Em setembro, participei do GRI Europa, evento no qual mais de 500 líderes do setor imobiliário se reuniram durante dois dias, em Paris, para discutir o mercado atual e as perspectivas futuras nos mercados globais e europeus. Como esperado, Jamie Rush, economista-chefe do mercado europeu da Bloomberg, abriu as discussões com uma visão cautelosa sobre os mercados.

Rush destacou que, após os choques da guerra da Ucrânia, o agravamento da crise energética e desaquecimento chinês, a Europa passa por um momento crítico de pressão inflacionária e baixo crescimento. Prova disso é que o cenário de inflação persistente na Europa fez com que o Banco Central Europeu, na sua última reunião, elevasse as taxas de juros em 75 pontos- base em setembro. Em julho, eles já tinham aumentado, pela primeira vez em uma década, os juros em 50 pontos-base.

Nesse contexto de aperto monetário e redução do poder de compra, em que se espera que os salários reais na Europa diminuam mais de 6% até o final do ano, há mais um motivo de preocupação: a demanda por aquisição de moradia tem diminuído e os preços dos ativos devem se deteriorar.

Após anos de valorização imobiliária, em que o custo para aquisição de moradia chegou a aumentar mais de 45%, a expectativa é que os ativos imobiliários estejam, na realidade, supervalorizados. Quase 20 países da Europa apresentam uma combinação de índices de preço dos ativos sobre o aluguel e sobre a renda maiores que na crise de 2008 – um indicativo de que os preços se moveram sem fundamentos válidos.

Enquanto esse fato, por si só, não determina uma crise imobiliária, corrobora para o cenário que estamos vivendo de uma economia global que já está desacelerando e corre o risco de cair em recessão.

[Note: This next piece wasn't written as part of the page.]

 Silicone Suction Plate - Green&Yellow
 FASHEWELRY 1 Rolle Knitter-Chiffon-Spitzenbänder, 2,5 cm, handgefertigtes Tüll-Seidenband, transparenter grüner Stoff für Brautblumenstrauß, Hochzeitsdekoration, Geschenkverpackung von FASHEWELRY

É importante, nos próximos meses, monitorarmos como os agentes financeiros vão reagir a esse cenário e quanto o crédito imobiliário pode diminuir à luz do aumento dos riscos na concessão de crédito.

O fato é que a queda dos preços dos imóveis corrói a riqueza das famílias, prejudica a confiança dos consumidores e, potencialmente, restringe o desenvolvimento futuro de ativos.

Outro ponto de atenção é o aumento da inadimplência nos financiamentos imobiliários. Com o crescimento das taxas de juros básicas, os créditos de habitação atrelados às taxas variáveis também começam a subir. Enfrenta-se, assim, o risco de descumprimento contratual e redução da disposição dos bancos para conceder crédito.

Por outro lado, mesmo com mais cautela e um cenário que parece não ser tão positivo, os investidores ainda enxergam muitas oportunidades nos mercados no longo prazo, principalmente em setores como moradia para renda (“build-to-rent”), moradia estudantil (“student housing”), logística, data center e moradia para idosos (“senior living”).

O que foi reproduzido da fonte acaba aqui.